By Chris Castle
We get an update this week on the total “address unknown” mass NOIs filed with the Copyright Office for the royalty-free windfall loophole. This time we have to thank our our friends at Paperchain in Sydney for doing the work of decompressing the massive numbers of unsearchable compressed files posted on the Copyright Office website. As you can see, there’s been an increase of approximately 70% since January 2017. (For background, see my article.)
As you can see, Amazon is still far and away the leader in this latest loophole designed to stiff songwriters, followed closely by Google. However, Spotify is moving on up. Spotify does get extra points for starting late in March 2017, but they are catching up fast filing over 5,000,000 as of last month.

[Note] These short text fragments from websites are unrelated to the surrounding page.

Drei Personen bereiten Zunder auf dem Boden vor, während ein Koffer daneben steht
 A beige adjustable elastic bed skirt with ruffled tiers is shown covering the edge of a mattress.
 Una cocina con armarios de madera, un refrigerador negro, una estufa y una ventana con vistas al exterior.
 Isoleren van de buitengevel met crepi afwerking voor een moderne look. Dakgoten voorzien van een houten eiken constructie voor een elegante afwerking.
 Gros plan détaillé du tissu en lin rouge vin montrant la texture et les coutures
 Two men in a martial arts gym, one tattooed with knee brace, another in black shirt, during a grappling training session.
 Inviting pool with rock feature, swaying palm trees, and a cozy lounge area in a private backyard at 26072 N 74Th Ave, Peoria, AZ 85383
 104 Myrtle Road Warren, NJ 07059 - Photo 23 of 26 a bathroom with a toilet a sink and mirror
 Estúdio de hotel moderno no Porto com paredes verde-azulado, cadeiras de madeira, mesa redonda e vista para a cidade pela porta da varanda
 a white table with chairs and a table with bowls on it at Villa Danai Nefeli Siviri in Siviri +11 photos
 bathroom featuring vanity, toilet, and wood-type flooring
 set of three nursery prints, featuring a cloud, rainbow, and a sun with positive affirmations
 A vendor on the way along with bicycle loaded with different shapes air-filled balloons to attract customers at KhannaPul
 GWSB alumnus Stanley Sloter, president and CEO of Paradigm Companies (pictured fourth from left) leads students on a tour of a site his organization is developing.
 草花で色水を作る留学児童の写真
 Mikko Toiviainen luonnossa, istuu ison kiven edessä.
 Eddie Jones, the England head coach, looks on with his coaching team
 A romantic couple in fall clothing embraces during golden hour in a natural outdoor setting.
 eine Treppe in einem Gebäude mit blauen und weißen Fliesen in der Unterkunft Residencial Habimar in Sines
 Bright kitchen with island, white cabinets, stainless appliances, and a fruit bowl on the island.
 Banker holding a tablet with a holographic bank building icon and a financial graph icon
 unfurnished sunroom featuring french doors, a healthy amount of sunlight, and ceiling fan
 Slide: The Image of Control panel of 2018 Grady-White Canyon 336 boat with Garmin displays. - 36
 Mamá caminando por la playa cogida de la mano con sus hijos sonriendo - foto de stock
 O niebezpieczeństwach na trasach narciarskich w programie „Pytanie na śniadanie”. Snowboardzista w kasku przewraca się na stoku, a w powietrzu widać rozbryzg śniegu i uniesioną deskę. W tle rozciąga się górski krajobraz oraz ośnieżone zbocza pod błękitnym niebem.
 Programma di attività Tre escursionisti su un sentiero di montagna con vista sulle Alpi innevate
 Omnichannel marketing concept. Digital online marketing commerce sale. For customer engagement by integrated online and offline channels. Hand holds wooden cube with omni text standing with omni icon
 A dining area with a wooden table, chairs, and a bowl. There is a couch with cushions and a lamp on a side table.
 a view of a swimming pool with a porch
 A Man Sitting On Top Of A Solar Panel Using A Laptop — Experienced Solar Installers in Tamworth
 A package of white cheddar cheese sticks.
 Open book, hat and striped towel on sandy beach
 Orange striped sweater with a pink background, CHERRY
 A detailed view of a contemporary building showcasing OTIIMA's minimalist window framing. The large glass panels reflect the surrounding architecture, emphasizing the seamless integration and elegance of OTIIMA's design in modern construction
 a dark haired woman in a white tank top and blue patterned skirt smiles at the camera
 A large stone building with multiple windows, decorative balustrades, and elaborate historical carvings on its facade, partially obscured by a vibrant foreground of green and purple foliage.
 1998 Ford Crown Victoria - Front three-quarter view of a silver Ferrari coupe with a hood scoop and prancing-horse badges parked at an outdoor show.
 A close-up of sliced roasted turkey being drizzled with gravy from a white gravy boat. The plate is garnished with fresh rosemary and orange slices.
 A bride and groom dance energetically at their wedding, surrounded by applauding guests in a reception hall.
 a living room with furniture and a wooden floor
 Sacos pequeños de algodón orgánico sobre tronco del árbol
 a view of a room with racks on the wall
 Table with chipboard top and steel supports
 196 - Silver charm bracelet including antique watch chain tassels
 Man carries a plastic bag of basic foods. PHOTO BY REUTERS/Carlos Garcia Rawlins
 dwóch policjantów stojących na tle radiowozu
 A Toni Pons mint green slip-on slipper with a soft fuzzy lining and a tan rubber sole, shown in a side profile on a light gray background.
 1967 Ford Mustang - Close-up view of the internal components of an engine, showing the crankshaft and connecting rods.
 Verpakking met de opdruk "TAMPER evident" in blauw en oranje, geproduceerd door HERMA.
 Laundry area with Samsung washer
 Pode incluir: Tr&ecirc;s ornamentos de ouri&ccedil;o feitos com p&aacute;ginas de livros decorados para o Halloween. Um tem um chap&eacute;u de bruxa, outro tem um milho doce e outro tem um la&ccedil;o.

To put this in context–the Copyright Office as recently as September 2015 posted these “address unknown” NOIs in a single searchable PDF. However, the Copyright Office apparently changed the practice abruptly in early 2016 once the Big Tech hammer came down. Based on the last PDF I could find, the total number of “address unknown” NOIs filed with the copyright office from January 2010 to September 2015 or so was approximately 4,800.
Compare that approximately 4,800 in five years to approximately 45 million in 18 months.
Notable in its absence: Apple Music has not filed a single address unknown NOI. Somehow Apple seems satisfied with their licensing practice based on an absence of a single NOI.